Photo: John Moore/Getty Images.
Michelle Obama appeared at one of Broadway's landmark theaters Monday, taking the stage along with some of the industry's biggest stars.

No, FLOTUS isn't auditioning for a post-White House role under the bright lights. The occasion was a performance promoting a powerful message — the importance of educating girls worldwide.

Broadway Shines A Light On Girls' Education, part of the Let Girls Learn initiative backed by the first lady, brought together spouses of heads of state and government and girls from a variety of groups to call attention to the estimated 62 million young women who aren't in school across the globe.

Halima Robert was one of those girls. After her mother died, the young girl from Malawi and her siblings were raised by their grandmother. Times were tough.

"I often went to school on an empty stomach, with no notebooks or pens," Robert, one of three young girls to share their stories onstage, told the audience gathered at the Bernard B. Jacobs Theatre.

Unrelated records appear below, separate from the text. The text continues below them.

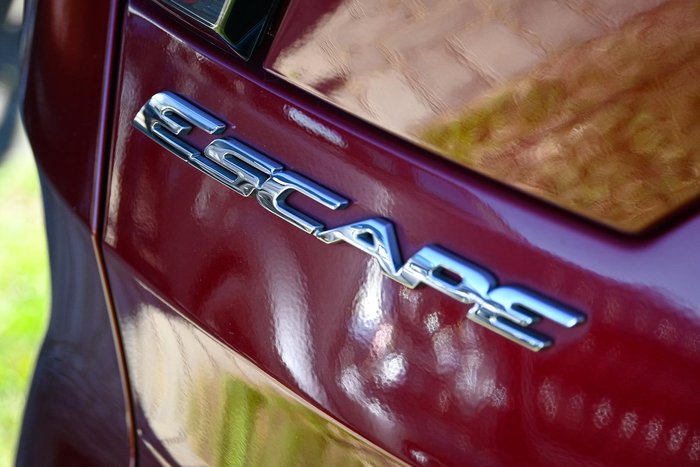 2019 Ford Escape Ambiente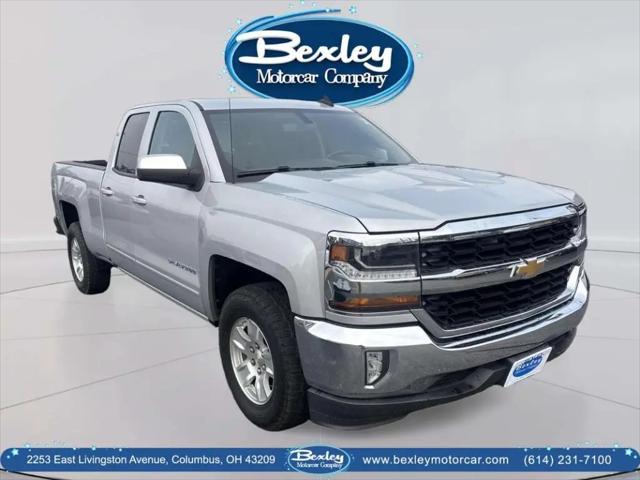 2016 Chevrolet Silverado 1500 LT for sale near Columbus, OH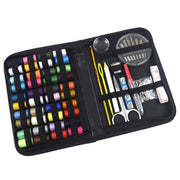 128Pcs Portable Sewing Kit Home Travel Emergency Professional Sewing Set V528-128PCSSEWINGKIT-177519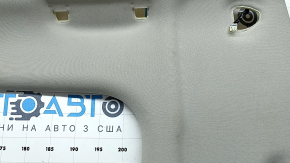Обшивка потолка Infiniti QX50 19-20 под панораму, серая под чистку
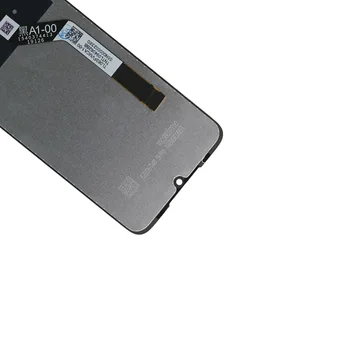 5VNT Už Xiaomi Redmi 7 Pastaba LCD Ekranas Touch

But then her situation got even worse. Unable to provide for her, Robert's grandmother agreed to an arranged marriage for the then-15-year-old. Instead of studying, Robert spent her days cooking and fetching water for her new husband.

Robert sought help from a group that works to get young girls out of marriage. They succeeded. Now 17, Robert still doesn't get to eat three meals a day. But she does get to go to class. Her new dream is being a minister in her country's government, maybe even the minister of education.

“I now want to succeed more than ever," she said.

Obama, who delivered welcoming remarks in between performances from Broadway stars and comments from Queen Rania Al Abdullah of Jordan and first lady of Malawi, Gertrude Mutharika, urged the first spouses in the audience to use their platforms to "tell these stories and bring people together to take action for these girls."

"We all have so much more power than we think. And today, I'm urging you to use that power to help girls worldwide get the education they deserve," Obama said. "Reach out to your country's NGOs and corporations. Lobby your spouses. Talk directly to your citizens, especially your young people. More than 62 million girls around the world are counting on us to be their voice."